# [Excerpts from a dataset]

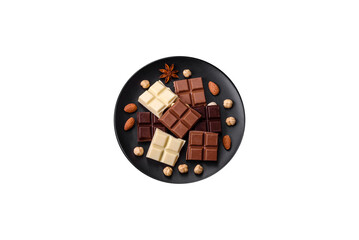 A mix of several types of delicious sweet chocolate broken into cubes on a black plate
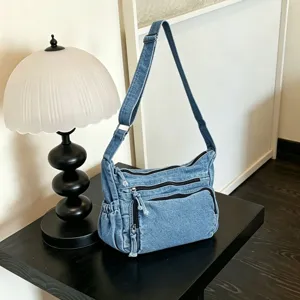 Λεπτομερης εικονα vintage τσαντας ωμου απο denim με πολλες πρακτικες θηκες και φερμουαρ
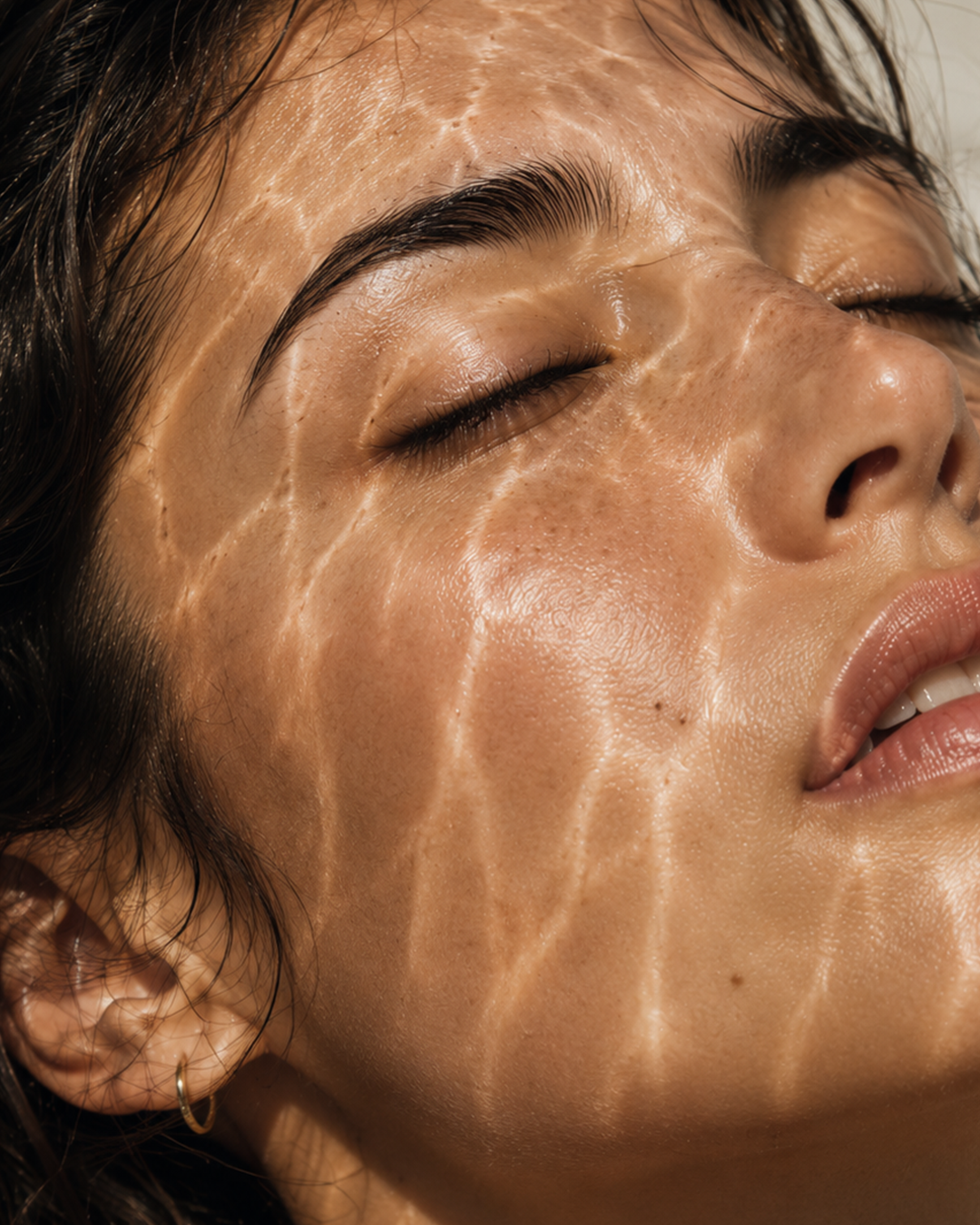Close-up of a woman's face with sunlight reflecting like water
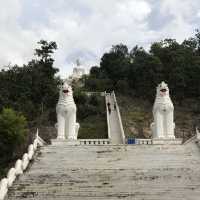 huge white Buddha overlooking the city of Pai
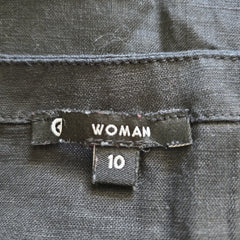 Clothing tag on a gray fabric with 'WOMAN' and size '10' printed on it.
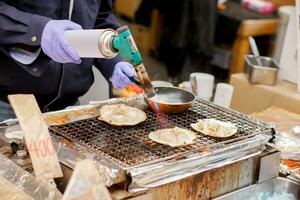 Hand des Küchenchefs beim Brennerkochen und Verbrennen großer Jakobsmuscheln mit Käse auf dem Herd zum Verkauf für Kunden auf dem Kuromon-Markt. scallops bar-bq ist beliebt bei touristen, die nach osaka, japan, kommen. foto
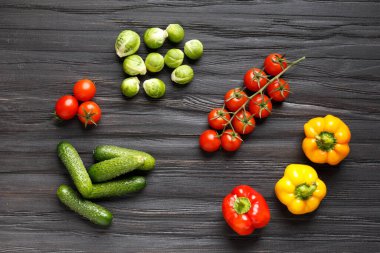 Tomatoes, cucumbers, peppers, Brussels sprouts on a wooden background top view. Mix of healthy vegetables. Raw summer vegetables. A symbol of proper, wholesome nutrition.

# [Work request]
Please retype every record shown above, exactly as written, but without pictures.

# [Result for this task]
 A mix of several types of delicious sweet chocolate broken into cubes on a black plate
 Λεπτομερης εικονα vintage τσαντας ωμου απο denim με πολλες πρακτικες θηκες και φερμουαρ
Close-up of a woman's face with sunlight reflecting like water
 huge white Buddha overlooking the city of Pai
 Clothing tag on a gray fabric with 'WOMAN' and size '10' printed on it.
 Hand des Küchenchefs beim Brennerkochen und Verbrennen großer Jakobsmuscheln mit Käse auf dem Herd zum Verkauf für Kunden auf dem Kuromon-Markt. scallops bar-bq ist beliebt bei touristen, die nach osaka, japan, kommen. foto
 Tomatoes, cucumbers, peppers, Brussels sprouts on a wooden background top view. Mix of healthy vegetables. Raw summer vegetables. A symbol of proper, wholesome nutrition.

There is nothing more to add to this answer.